#### EXERCISE DETAILS:
Copy, word for word, the lines of the entries below between the one with "3021 Sonoran Dr" and the one with "9731 N FOX GLEN Drive #4C, Niles, IL 60714", inclusive, and leave out everything else.

#### GIVEN RECORDS:
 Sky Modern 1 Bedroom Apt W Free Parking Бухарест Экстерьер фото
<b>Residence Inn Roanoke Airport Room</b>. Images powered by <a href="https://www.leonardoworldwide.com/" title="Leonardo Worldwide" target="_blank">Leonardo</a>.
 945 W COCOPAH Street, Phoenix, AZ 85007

==

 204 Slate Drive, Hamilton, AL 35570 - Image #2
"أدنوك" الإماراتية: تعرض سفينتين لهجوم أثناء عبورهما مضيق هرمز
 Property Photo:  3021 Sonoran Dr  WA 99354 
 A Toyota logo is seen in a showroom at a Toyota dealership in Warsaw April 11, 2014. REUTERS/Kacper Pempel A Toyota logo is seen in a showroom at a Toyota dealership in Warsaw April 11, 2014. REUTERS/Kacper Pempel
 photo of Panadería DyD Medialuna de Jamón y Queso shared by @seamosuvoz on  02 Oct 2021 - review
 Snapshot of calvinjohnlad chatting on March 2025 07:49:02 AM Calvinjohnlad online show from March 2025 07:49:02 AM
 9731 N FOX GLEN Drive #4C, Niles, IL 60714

#### SOLVED EXERCISE:
 Property Photo:  3021 Sonoran Dr  WA 99354 
 A Toyota logo is seen in a showroom at a Toyota dealership in Warsaw April 11, 2014. REUTERS/Kacper Pempel A Toyota logo is seen in a showroom at a Toyota dealership in Warsaw April 11, 2014. REUTERS/Kacper Pempel
 photo of Panadería DyD Medialuna de Jamón y Queso shared by @seamosuvoz on  02 Oct 2021 - review
 Snapshot of calvinjohnlad chatting on March 2025 07:49:02 AM Calvinjohnlad online show from March 2025 07:49:02 AM
 9731 N FOX GLEN Drive #4C, Niles, IL 60714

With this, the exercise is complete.